Pero la metáfora de la nube es muy amable y no le hace justicia a la experiencia real, por eso te traje la zarzamora. En general, no nos sentimos en un sendero en el cual podemos correr libremente. Nos sentimos, más bien, enganchados de todos lados, capturados por las espinas de nuestros temores, de nuestras preocupaciones, de nuestros dolores. Es natural que así sea, pues nuestra biología es una especialista en mantenernos alerta para defendernos de los peligros que nos asechan, aunque muchas veces-  eso descubriremos en la meditación –algunos ni nos asechan ni son verdaderos peligros.

 Cuando insistes en tu práctica, y te liberas serenamente de las espinas , poco a poco llegas a “un lugar” donde esos estímulos internos y externos tienen cada vez menos poder sobre ti y tus emociones… comienzas a descubrir el sendero de la meditación.

La imagen del niño aquí es muy explicativa, porque en nuestra infancia podemos “ser” libremente, sobre todo durante nuestros juegos. El estado de consciencia en el que entramos al jugar, siempre que juguemos, es muy especial, y es similar al estado de la meditación en varios sentidos, y diferente en otros.

Es similar, porque experimentas una serena libertad de tus circunstancias concretas y porque cuando vuelves a la “consciencia ordinaria”, te sientes aliviado, como con menos pesos sobre los hombros. Los niños lo viven todo el tiempo, pero no son conscientes de ello. Viven en una inocencia que poco a poco se pierde al ganar consciencia de la realidad en la que viven. Por eso pueden correr libremente aun en medio de la espinosa realidad. No es que no sufran, es que cuando corren, no ven las espinas. Es como cuando corres escalera abajo. Si intentas elegir exactamente donde pisar, seguro te tropiezas y terminas mal. Pero si dejas a tu cuerpo hacerlo, sin intervención de tu consciencia, lo hará mucho mejor. Los niños operan mucho más que nosotros, en esa dimensión.
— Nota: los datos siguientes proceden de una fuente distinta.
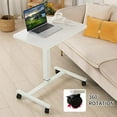 thumbnail image 3 of bilbil Mobile Standing Desk Pneumatic Adjustable Height, 28 Inch Sit to Stand Desk with Wheels, Mobile Laptop Desk Rolling Cart Ergonomic Table, White, 3 of 7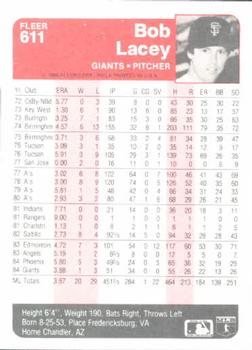 1985 Fleer #611 Bob Lacey Back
Es tentador pensar que entonces los niños “son más libres” o “lo hacen mejor”. Los niños son libres de las limitaciones sociales que aun no aprenden, pero no son más libres que nosotros en un sentido existencial. El punto central aquí, es la consciencia. Nosotros sí vemos la zarzamora, ya vivimos los rasguños, las heridas, tenemos las cicatrices, y con todo  eso decidimos, más o menos conscientes, caminar adelante. Tiene que ver con que también hemos disfrutado de sus dulces frutos.

El terreno de la meditación es la zarzamora. La zarzamora es nuestra vida, nuestra humanidad personal, con sus espinas y sus frutos. Los niños viven en la inocencia y recorren sus posibilidades jugando y corriendo sin miedo, mientras que nosotros hemos ganado consciencia del dolor y el peligro, y eso a veces  nos inmoviliza y nos llena de fantasías deseables e indeseables con respecto a nosotros mismos y el mundo.

La meditación es volver a encontrar el sendero, el mismo en el que jugabas en tu infancia, y recorrerlo conscientemente, para aprender a verlo tal como es. Para encontrarte nuevamente con las mismas espinas, pero desde una perspectiva diferente, más amplia, y desde una emoción diferente: la serenidad.